Sometimes actors have to do some unusual things to be able to portray their characters realistically.
Academy Award-winning actress Hilary Swank dressed as a male for a while in preparation for her role in "Boys Don't Cry." Gene Hackman hung out with undercover cops before starring in "The French Connection." And Robert DeNiro gained 40 pounds and learned to box for "Raging Bull."
For the seven cast members of University Theatre's production of Noel Coward's "Blithe Spirit," it meant meeting with Anima Mundi, a Lawrence psychic to talk about ghosts, mediums, seances and crystal balls.
The gathering was spearheaded by director and Kansas University theater professor Paul Meier, in an attempt to make the occult aspect of the production authentic.
"Blithe Spirit," set in 1941 in Kent, England, is about writer Charles Condomine and his second wife, Ruth, who have invited two of their friends to a dinner and seance conducted by a medium. Condomine hopes the medium will be a fraud and provide humor for his next novel. But the tables turn, and the writer is visited by the ghost of his first wife.
Questions and answers
The first topic of discussion for the actors and Mundi: life after death.
"Everyone has to deal with it, so I don't see it as something to be feared," Mundi began. "It's a new journey, a new birth.
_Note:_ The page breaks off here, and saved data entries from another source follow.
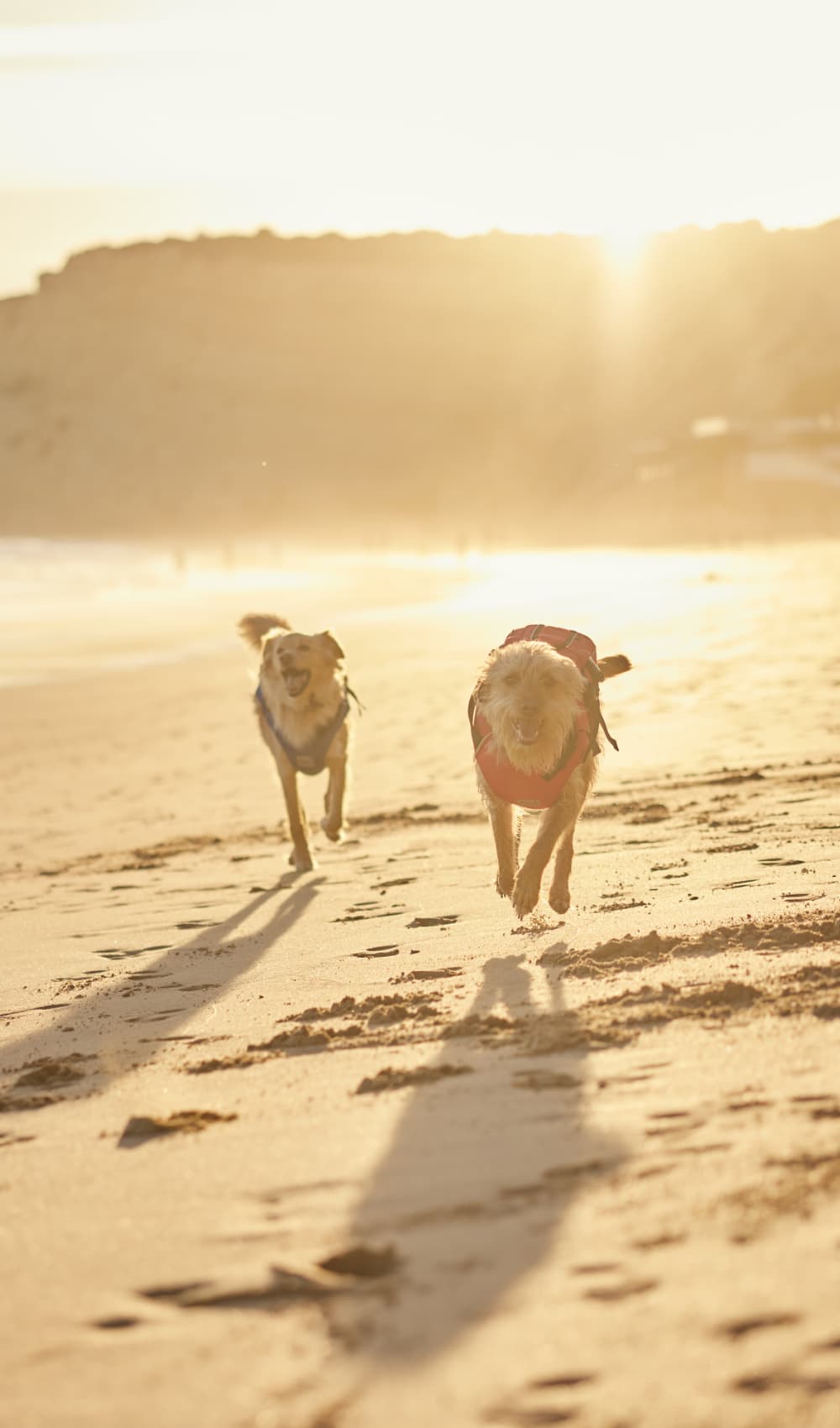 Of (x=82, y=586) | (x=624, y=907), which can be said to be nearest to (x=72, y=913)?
(x=624, y=907)

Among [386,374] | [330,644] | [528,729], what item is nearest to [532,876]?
[528,729]

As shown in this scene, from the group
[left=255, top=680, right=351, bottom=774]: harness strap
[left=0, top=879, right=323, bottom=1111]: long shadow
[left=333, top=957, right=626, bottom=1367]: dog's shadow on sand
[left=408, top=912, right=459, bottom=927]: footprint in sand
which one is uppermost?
[left=255, top=680, right=351, bottom=774]: harness strap

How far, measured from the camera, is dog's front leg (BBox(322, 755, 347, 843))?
26.4 feet

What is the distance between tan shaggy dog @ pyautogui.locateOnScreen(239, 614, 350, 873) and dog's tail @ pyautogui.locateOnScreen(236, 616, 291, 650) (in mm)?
611

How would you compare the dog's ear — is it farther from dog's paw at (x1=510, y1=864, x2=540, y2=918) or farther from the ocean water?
the ocean water

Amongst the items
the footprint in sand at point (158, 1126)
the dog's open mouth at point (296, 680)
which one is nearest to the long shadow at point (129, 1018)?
the footprint in sand at point (158, 1126)

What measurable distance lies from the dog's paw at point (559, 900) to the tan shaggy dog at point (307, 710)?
2.16 metres

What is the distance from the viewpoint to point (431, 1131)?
3.31 m

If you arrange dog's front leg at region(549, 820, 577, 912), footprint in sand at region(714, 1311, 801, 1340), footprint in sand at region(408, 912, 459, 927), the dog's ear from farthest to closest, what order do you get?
the dog's ear → dog's front leg at region(549, 820, 577, 912) → footprint in sand at region(408, 912, 459, 927) → footprint in sand at region(714, 1311, 801, 1340)

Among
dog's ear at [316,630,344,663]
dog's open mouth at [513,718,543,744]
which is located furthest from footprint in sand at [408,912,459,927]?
dog's ear at [316,630,344,663]

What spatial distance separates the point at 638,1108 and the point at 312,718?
191 inches

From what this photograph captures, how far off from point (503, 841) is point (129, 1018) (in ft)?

We all have an energy or life force that doesn't die. Our energy goes on.
"Ghosts are people who don't know they are dead and have unfinished business (with those still living). Most often they are here to protect us. It's a matter of different levels of existence."
The actors listened intently as Mundi described how she carried burning sage and chanted throughout her home to calm a ghost who lives there. She thinks the spirit is that of a woman who died of an aneurism.
"What about crystal balls?" one of the KU actors asked.
"Scrying (the term for using a crystal ball) is one of the known and used methods by psychics. I believe in the power of stones. (A crystal ball) is a prop to tap into your mind, to see things in a different way."
"It has to do with the magnetic pull of the body and the subconscious," she said.
"I've only heard of it being used with vampires," Mundi answered, "but maybe it wards off evil."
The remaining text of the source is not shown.